荒魂(あらたま、あらみたま)・和魂(にきたま(にぎたま)、にきみたま(にぎみたま))とは、神道における概念で、神 (神道)の霊魂が持つ2つの側面のことである。

荒魂は神の荒々しい側面、荒ぶる魂である。
天変地異を引き起こし、病を流行らせ、人の心を荒廃させて争いへ駆り立てる神の働きである。
神の祟りは荒魂の表れである。
それに対し和魂は、雨や日光の恵みなど、神の優しく平和的な側面である。
神の加護は和魂の表れである。

荒魂と和魂は、同一の神であっても別の神に見えるほどの強い個性の表れであり、実際別の神名が与えられたり、皇大神宮の正宮と荒祭宮といったように、別に祀られていたりすることもある。
人々は神の怒りを鎮め、荒魂を和魂に変えるために、神に供物を捧げ、儀式や祭を行ってきた。
この神の御魂の極端な二面性が、神道の信仰の源となっている。
また、荒魂はその荒々しさから新しい事象や物体を生み出すエネルギーを内包している魂とされ、同音異義語である新魂(あらたま、あらみたま)とも通じるとされている。

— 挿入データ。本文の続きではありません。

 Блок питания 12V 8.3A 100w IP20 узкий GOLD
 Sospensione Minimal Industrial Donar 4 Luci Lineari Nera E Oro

和魂はさらに幸魂(さきたま、さちみたま、さきみたま)と奇魂(くしたま、くしみたま)に分けられる。
(しかしこの四つは並列の存在であるといわれる。)
幸魂は運によって人に幸を与える働き、収穫をもたらす働きである。
奇魂は奇跡によって直接人に幸を与える働きである。
幸魂は「豊」、奇魂は「櫛」と表され、神名や神社名に用いられる。

現代的に考えるならば、私的な魂・公的な魂と言える。
幸魂・奇魂=別魂・髪魂(分霊・形見)との解釈が可能。

また、人間の心は、天と繋がる一霊「直霊」(なおひ)と4つの魂(荒魂・和魂・幸魂・奇魂)から成り立つという考え方があり、一霊四魂(いちれいしこん)と呼ばれる。

尚、殯宮を、「あらきのみや」と訓ずるのは、荒魂と関係があるのではないかと思われる。